__Task item__: What you return must match the records below character for character, except that no picture appears.

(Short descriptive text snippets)
◆ ◆ ◆ ◆ ◆

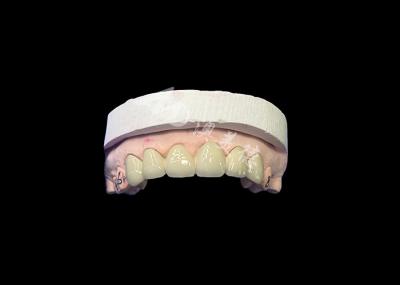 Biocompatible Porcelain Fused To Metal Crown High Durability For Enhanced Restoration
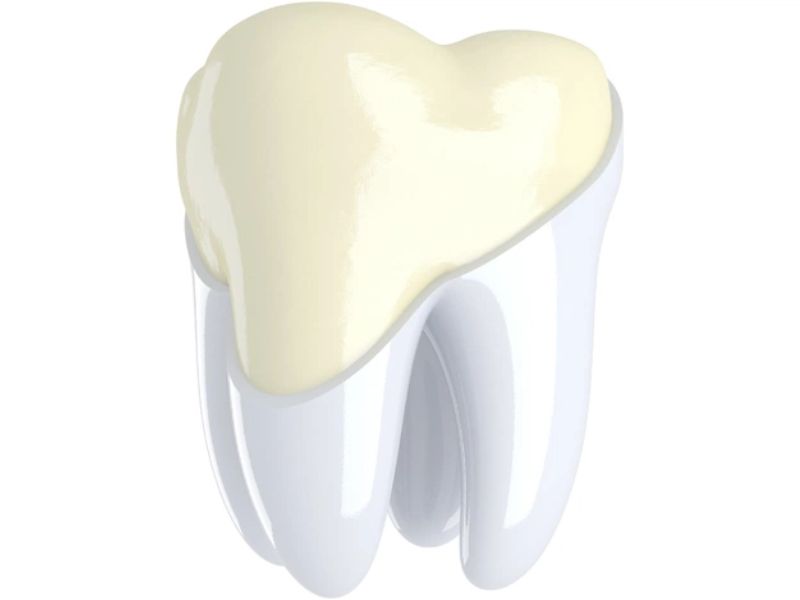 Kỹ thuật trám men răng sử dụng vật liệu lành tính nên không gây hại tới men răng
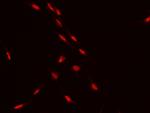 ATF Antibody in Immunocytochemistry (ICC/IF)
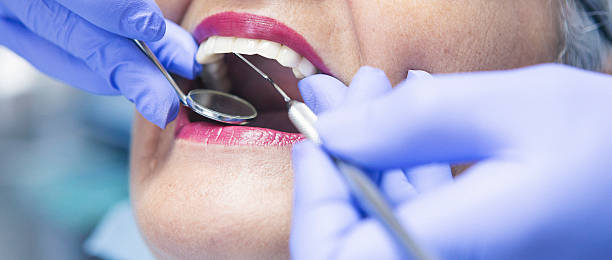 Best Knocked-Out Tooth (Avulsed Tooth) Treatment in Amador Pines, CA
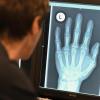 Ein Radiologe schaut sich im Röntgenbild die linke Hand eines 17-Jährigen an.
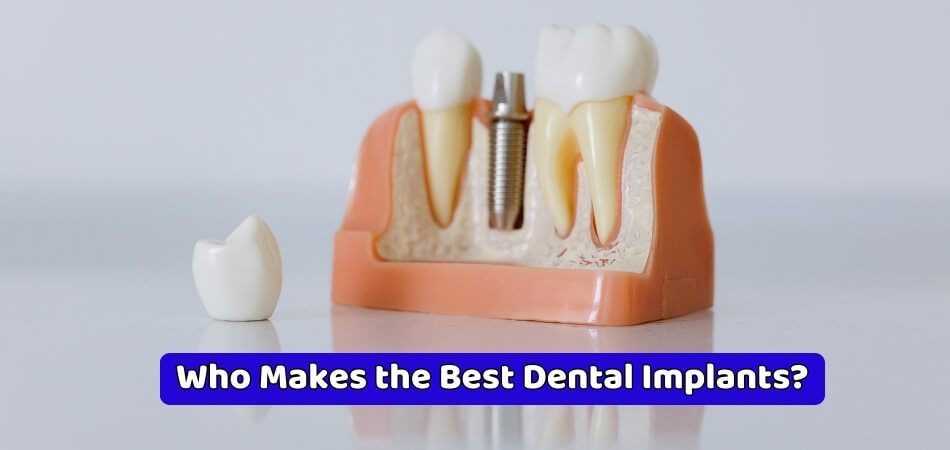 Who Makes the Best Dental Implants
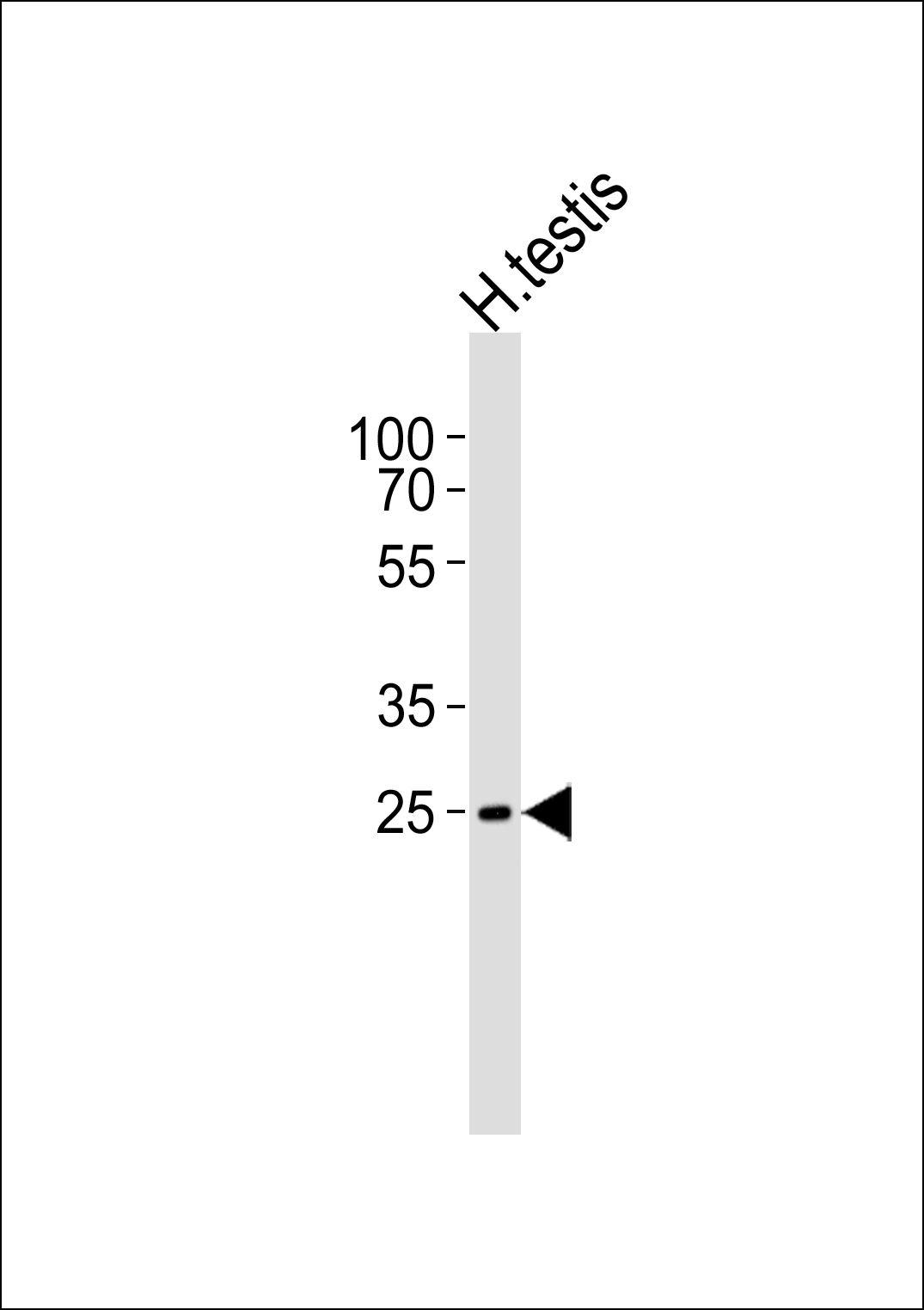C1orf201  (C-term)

◆ ◆ ◆ ◆ ◆

__Written response__:
 Biocompatible Porcelain Fused To Metal Crown High Durability For Enhanced Restoration
 Kỹ thuật trám men răng sử dụng vật liệu lành tính nên không gây hại tới men răng
 ATF Antibody in Immunocytochemistry (ICC/IF)
 Best Knocked-Out Tooth (Avulsed Tooth) Treatment in Amador Pines, CA
 Ein Radiologe schaut sich im Röntgenbild die linke Hand eines 17-Jährigen an.
 Who Makes the Best Dental Implants
C1orf201  (C-term)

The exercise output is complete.